GIVEN DATA:

+++

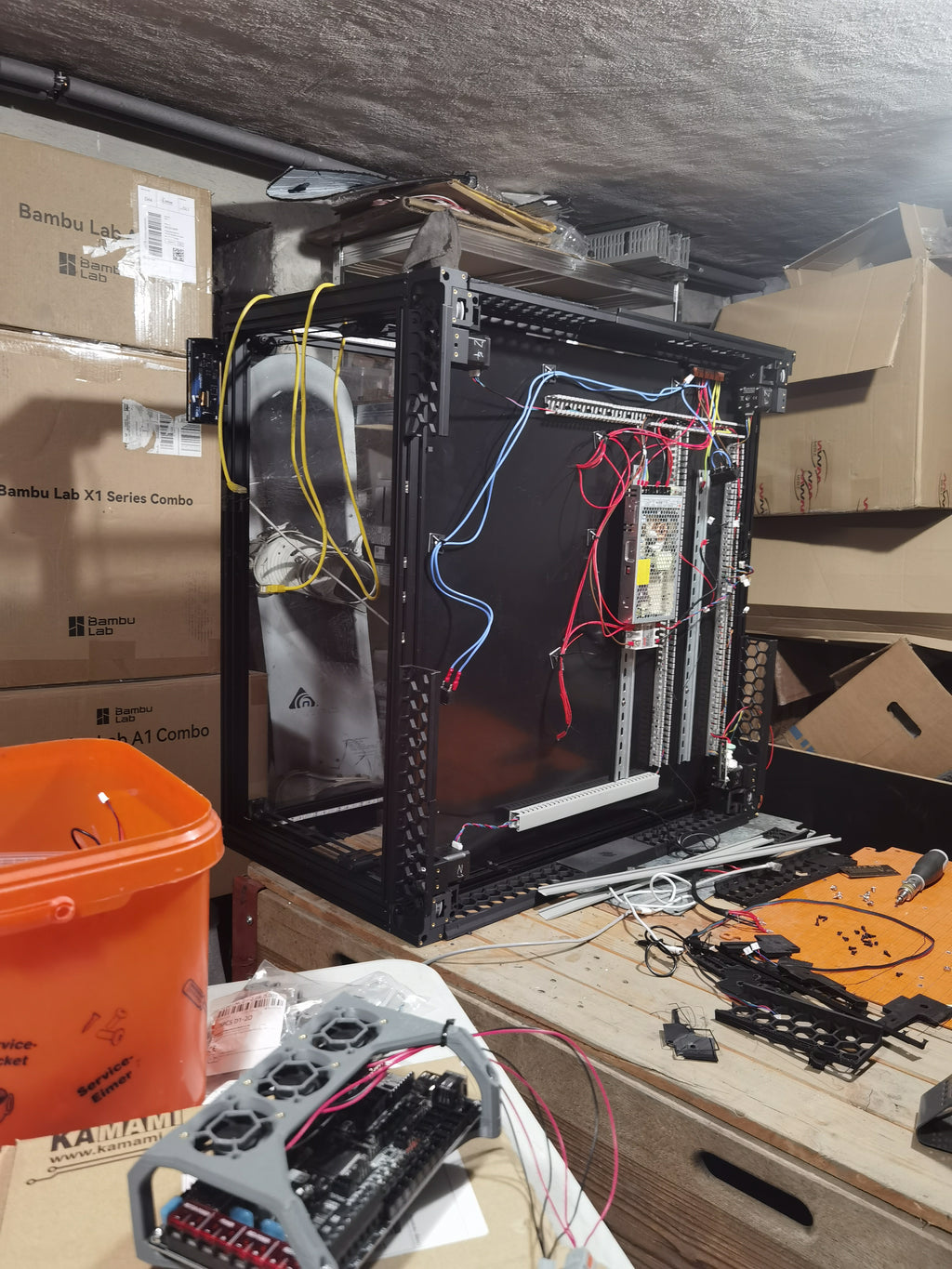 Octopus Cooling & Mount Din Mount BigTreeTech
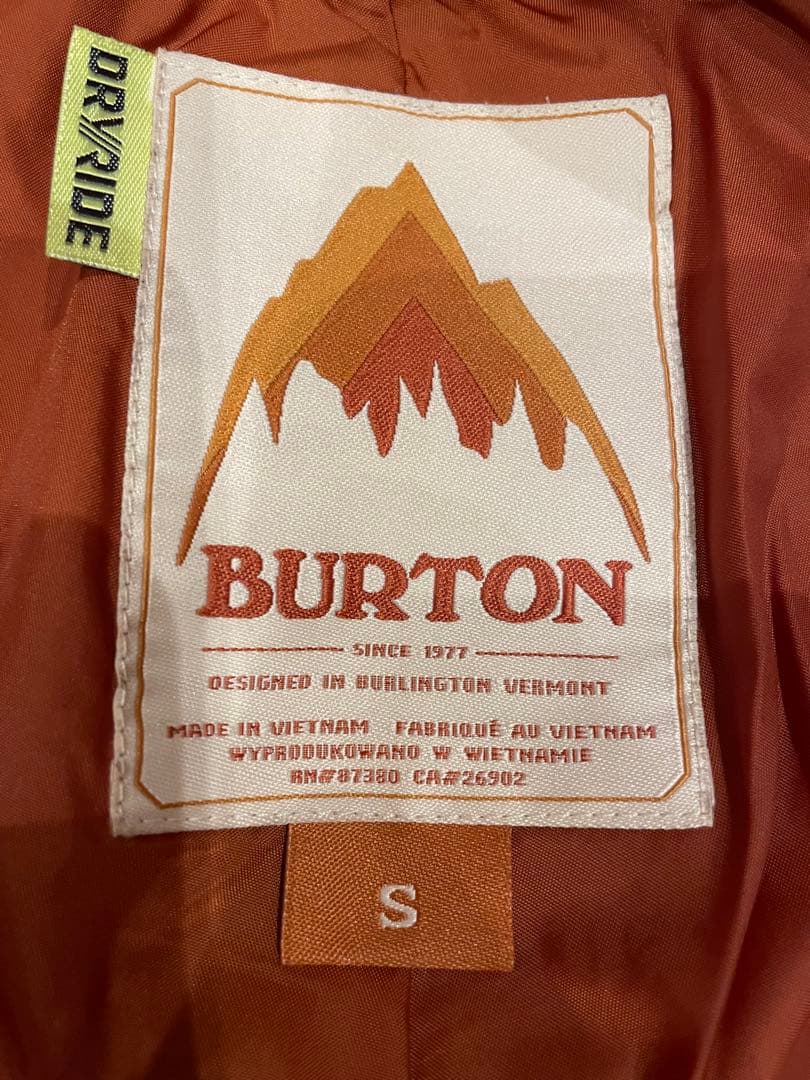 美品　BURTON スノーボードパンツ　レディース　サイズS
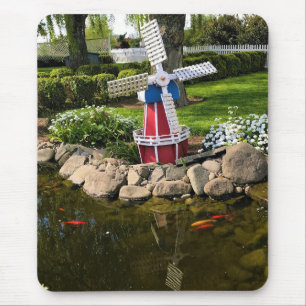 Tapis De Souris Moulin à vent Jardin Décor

+++

EXERCISE DIRECTIONS: The lines above should be transcribed exactly, with every image removed.

EXERCISE RESULT:
 Octopus Cooling & Mount Din Mount BigTreeTech
 美品　BURTON スノーボードパンツ　レディース　サイズS
 Tapis De Souris Moulin à vent Jardin Décor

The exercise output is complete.